- **Your task**
Pull every line with "image" from the material.

┄┄┄┄┄┄┄┄┄┄┄┄┄┄┄┄┄┄┄┄

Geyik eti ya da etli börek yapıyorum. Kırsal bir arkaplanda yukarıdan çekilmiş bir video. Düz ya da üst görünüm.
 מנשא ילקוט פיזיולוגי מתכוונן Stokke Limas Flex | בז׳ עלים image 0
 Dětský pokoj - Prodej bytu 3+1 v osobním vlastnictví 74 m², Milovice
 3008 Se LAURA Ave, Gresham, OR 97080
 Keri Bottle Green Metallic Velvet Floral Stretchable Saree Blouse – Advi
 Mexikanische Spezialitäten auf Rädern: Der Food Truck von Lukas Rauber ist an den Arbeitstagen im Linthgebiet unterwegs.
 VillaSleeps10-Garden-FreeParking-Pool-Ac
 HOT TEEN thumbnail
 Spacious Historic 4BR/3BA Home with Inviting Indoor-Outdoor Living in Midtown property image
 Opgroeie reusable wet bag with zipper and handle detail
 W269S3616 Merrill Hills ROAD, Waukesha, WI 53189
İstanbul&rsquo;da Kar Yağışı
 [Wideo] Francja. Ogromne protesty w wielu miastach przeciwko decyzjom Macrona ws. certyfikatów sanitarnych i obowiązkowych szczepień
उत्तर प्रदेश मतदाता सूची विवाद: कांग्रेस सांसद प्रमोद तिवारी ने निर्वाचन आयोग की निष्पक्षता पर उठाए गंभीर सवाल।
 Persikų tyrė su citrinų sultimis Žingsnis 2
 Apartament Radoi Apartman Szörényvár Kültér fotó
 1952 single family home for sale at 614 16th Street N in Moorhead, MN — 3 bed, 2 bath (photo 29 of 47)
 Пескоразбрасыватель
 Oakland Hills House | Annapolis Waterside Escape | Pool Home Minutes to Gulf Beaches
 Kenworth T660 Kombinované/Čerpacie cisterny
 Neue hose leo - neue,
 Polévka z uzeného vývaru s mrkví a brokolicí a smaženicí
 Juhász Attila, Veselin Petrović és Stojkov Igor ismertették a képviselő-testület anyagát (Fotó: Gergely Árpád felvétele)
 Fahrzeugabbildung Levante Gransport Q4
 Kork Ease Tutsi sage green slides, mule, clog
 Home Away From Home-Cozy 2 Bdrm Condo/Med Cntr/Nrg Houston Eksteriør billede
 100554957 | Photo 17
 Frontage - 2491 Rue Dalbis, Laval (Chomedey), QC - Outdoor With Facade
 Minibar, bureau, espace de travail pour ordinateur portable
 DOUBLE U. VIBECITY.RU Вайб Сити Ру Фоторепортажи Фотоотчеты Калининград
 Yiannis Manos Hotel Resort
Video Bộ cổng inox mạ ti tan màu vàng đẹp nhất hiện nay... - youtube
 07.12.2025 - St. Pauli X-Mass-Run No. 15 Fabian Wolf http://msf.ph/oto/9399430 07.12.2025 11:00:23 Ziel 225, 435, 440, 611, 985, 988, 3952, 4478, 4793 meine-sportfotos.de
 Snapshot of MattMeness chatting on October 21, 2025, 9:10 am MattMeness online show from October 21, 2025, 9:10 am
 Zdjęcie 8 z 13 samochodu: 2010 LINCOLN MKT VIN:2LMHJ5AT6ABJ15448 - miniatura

┄┄┄┄┄┄┄┄┄┄┄┄┄┄┄┄┄┄┄┄

- **Your response**
 מנשא ילקוט פיזיולוגי מתכוונן Stokke Limas Flex | בז׳ עלים image 0
 Spacious Historic 4BR/3BA Home with Inviting Indoor-Outdoor Living in Midtown property image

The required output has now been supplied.